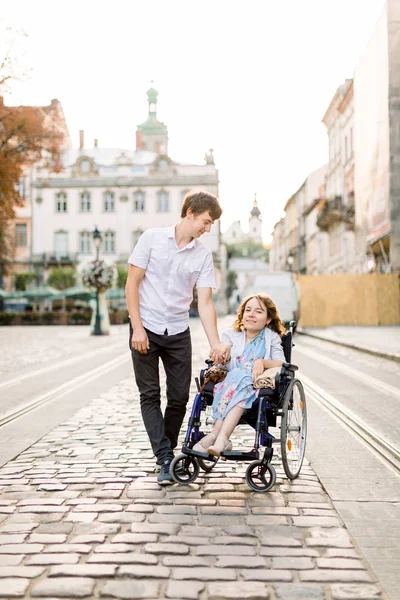 Junges Paar im Rollstuhl spaziert durch die Altstadt. Schönes Paar, Frau im Rollstuhl und ihr Mann, draußen in der Stadt — Stockfoto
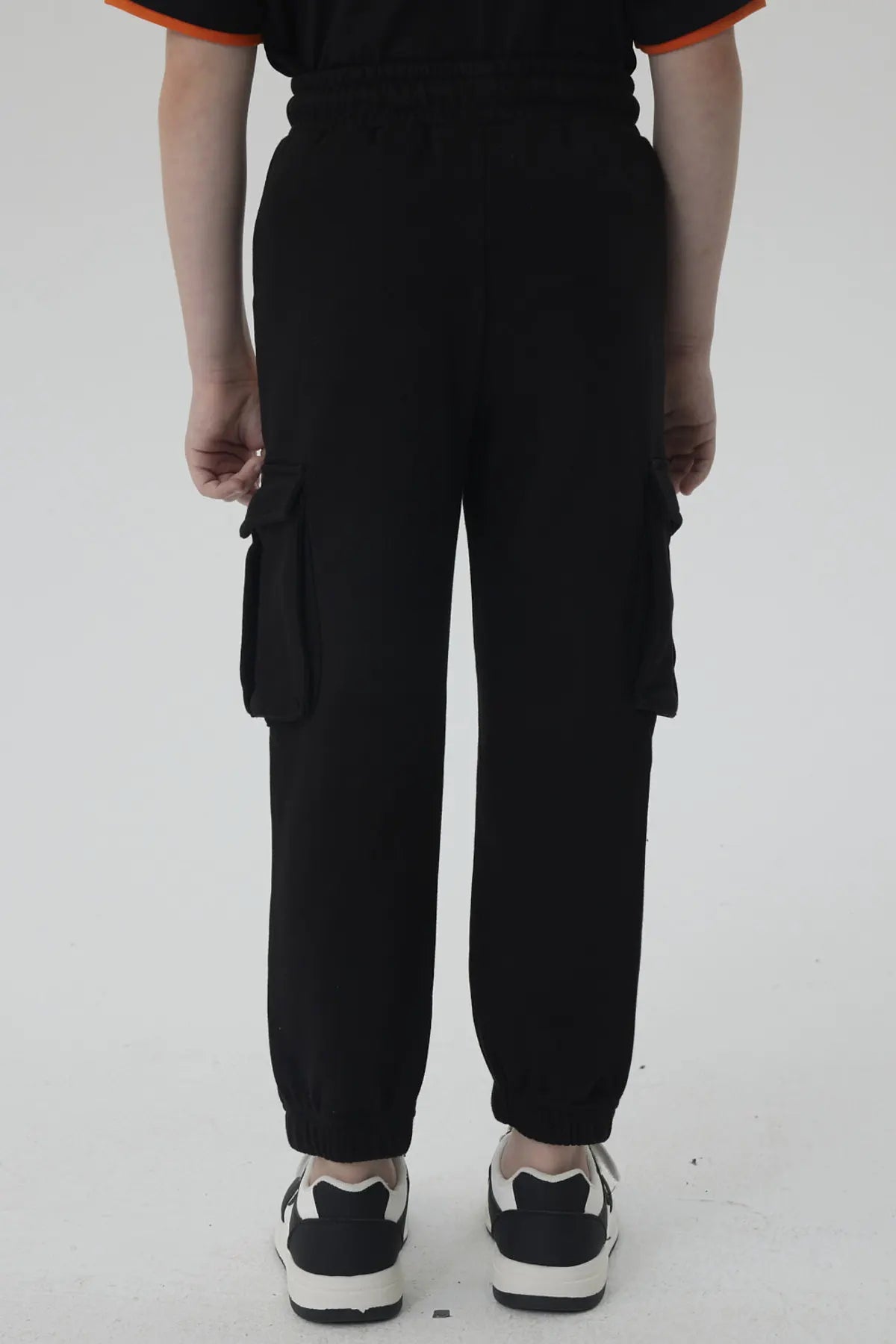 Pantalón buzo negro con detalles en naranja, presenta el icónico logo de Dragon Ball en la pierna, ideal para fans de la saga.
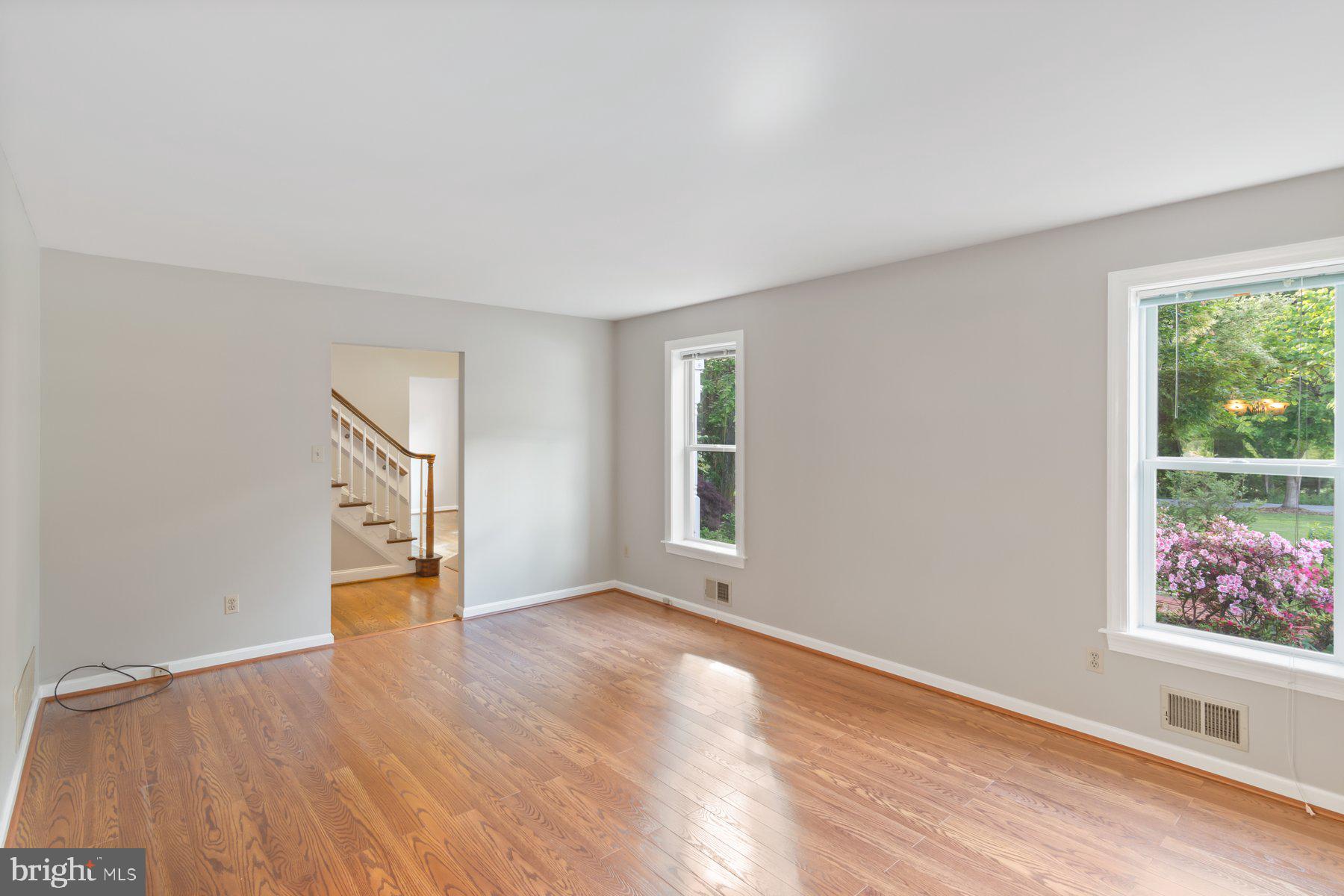 21717 Gunpowder Road Manchester, MD 21102 - Photo 22 of 87 an empty room with wooden floor and windows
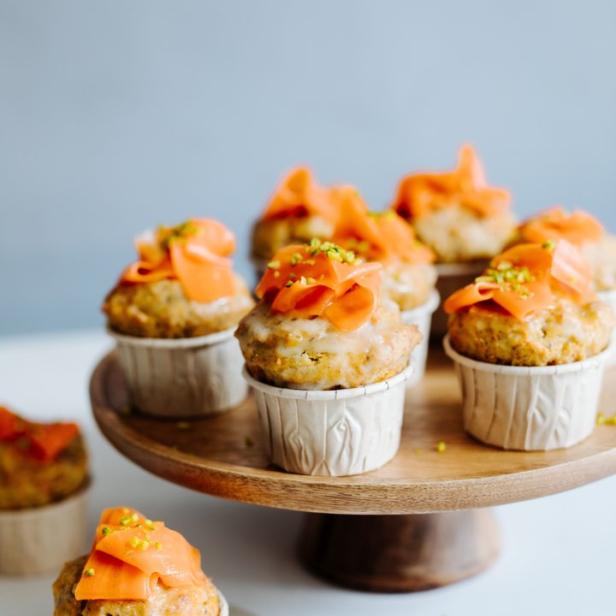 Mehrere Karottenmuffins mit Zuckerguss und gehackten Pistazien auf einem Holzständer.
************
**WHAT TO WORK ON**
From start to finish, output the listing exactly, but omit its pictures.

**EXERCISE OUTPUT**
 Junges Paar im Rollstuhl spaziert durch die Altstadt. Schönes Paar, Frau im Rollstuhl und ihr Mann, draußen in der Stadt — Stockfoto
 Pantalón buzo negro con detalles en naranja, presenta el icónico logo de Dragon Ball en la pierna, ideal para fans de la saga.
 21717 Gunpowder Road Manchester, MD 21102 - Photo 22 of 87 an empty room with wooden floor and windows
 Mehrere Karottenmuffins mit Zuckerguss und gehackten Pistazien auf einem Holzständer.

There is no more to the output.